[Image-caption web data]
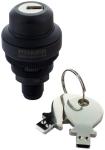 Nøglegreb med 2 positioner fjeder-retur (2xno i den ene position 1x40sr). monteringshul ø22,3mm. tilsluttes med m12 stik 4-polet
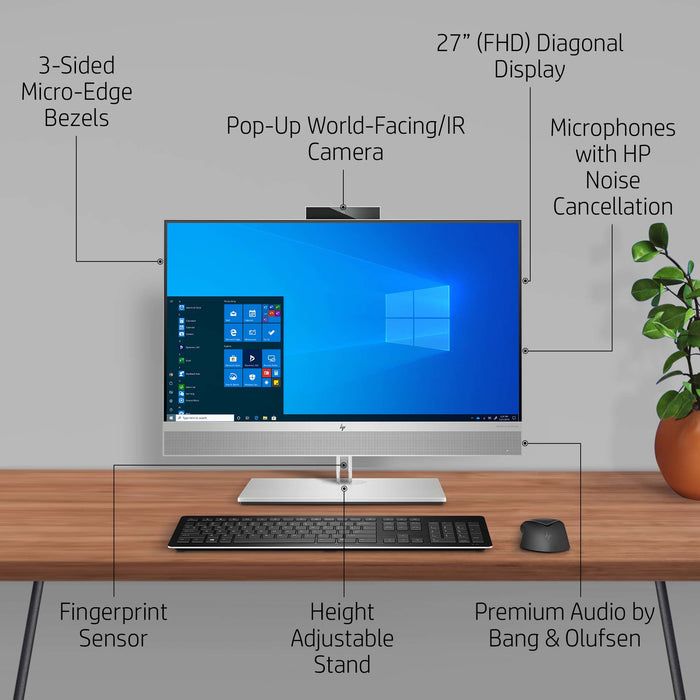 HP EliteOne 800 G6, 68.6 cm (27"), Quad HD, Intel® Core™ i7, 16 GB, 512 GB, Windows 11 Pro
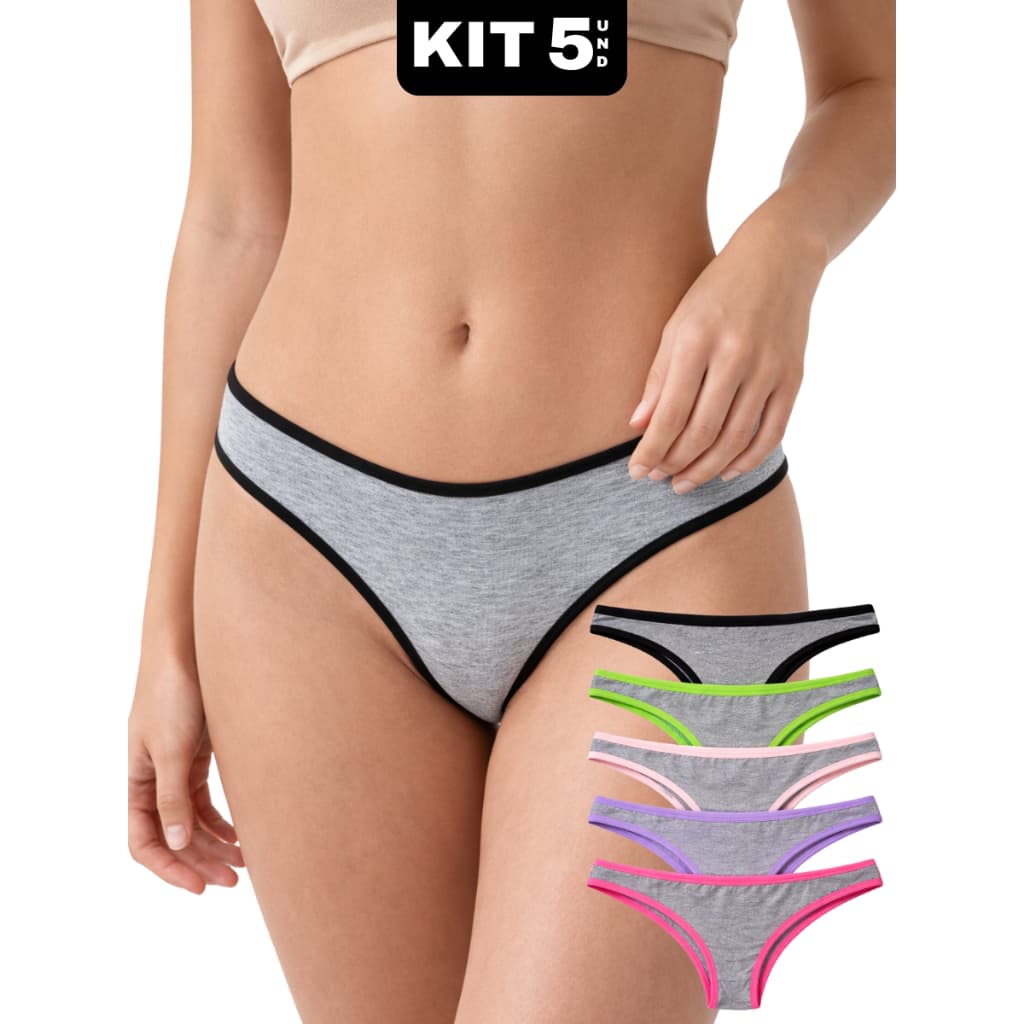 Kit 5 Calcinha Conforto Algodão Premium Antialérgica
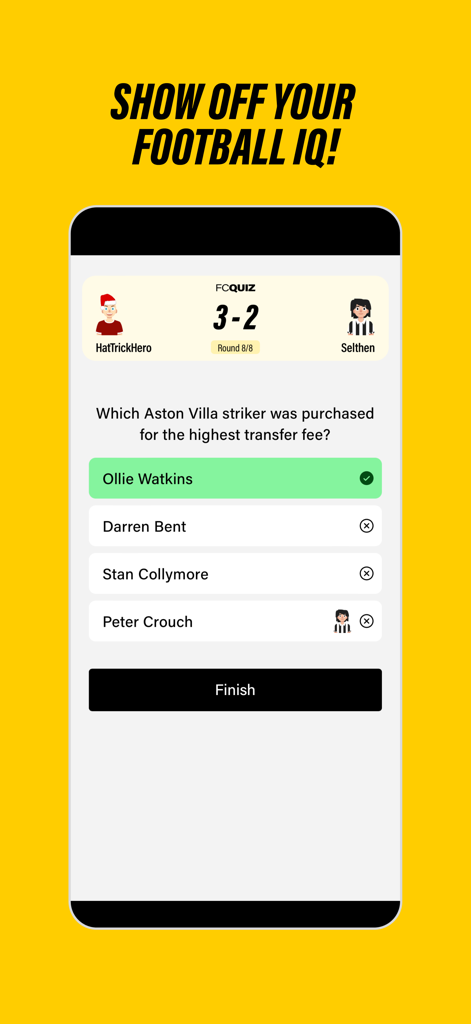 fcQuiz - A soccer trivia question about Aston Villa player transfer fees on the fcQuiz mobile app.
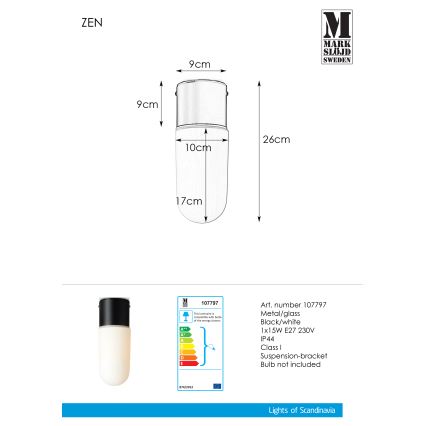 Markslöjd 107797 - Fürdőszobai mennyezeti lámpa ZEN 1xE27/15W/230V IP44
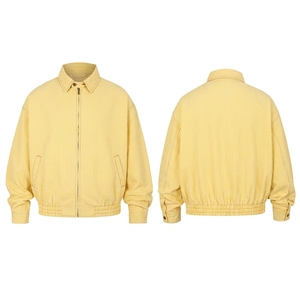 Blouson bomber unisexe 100% coton, style américain, streetwear décontracté, fermeture éclair, détail bouton, veste d'automne et d'hiver légère - Product Image 5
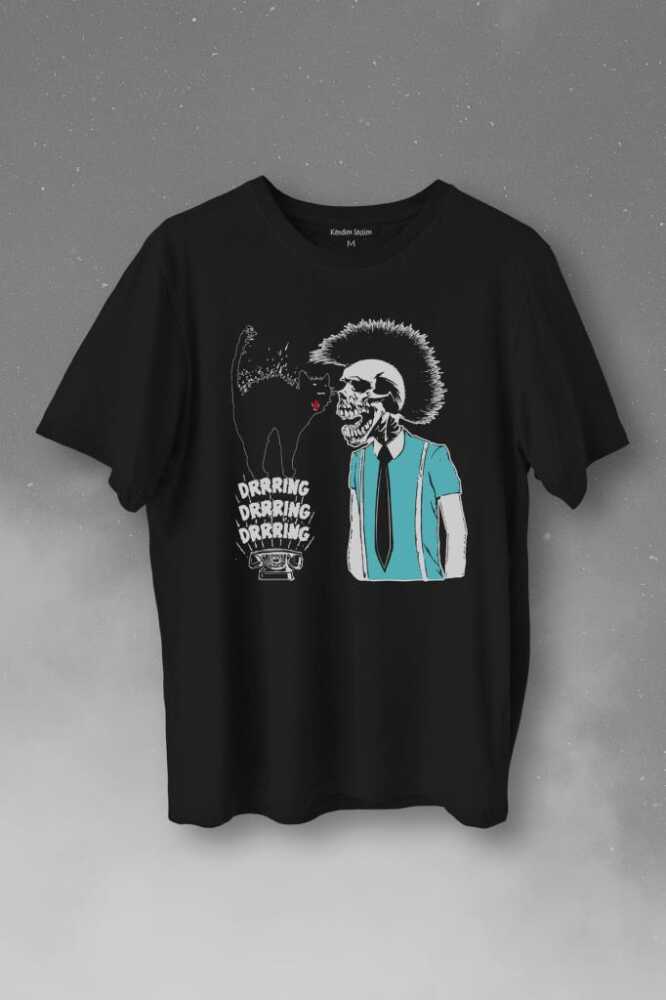 Mohikan İskelet Adam Kara Kedi Nostalji Telefon Zili Baskılı Tişört Unisex T-Shirt - 1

THE PROBLEM: The answer must consist solely of the lines from the line containing "fcQuiz - A soccer" to the end of the data, reproduced exactly, with every picture left out.

EXERCISE OUTPUT:
 fcQuiz - A soccer trivia question about Aston Villa player transfer fees on the fcQuiz mobile app.
 Markslöjd 107797 - Fürdőszobai mennyezeti lámpa ZEN 1xE27/15W/230V IP44
 Blouson bomber unisexe 100% coton, style américain, streetwear décontracté, fermeture éclair, détail bouton, veste d'automne et d'hiver légère - Product Image 5
 Mohikan İskelet Adam Kara Kedi Nostalji Telefon Zili Baskılı Tişört Unisex T-Shirt - 1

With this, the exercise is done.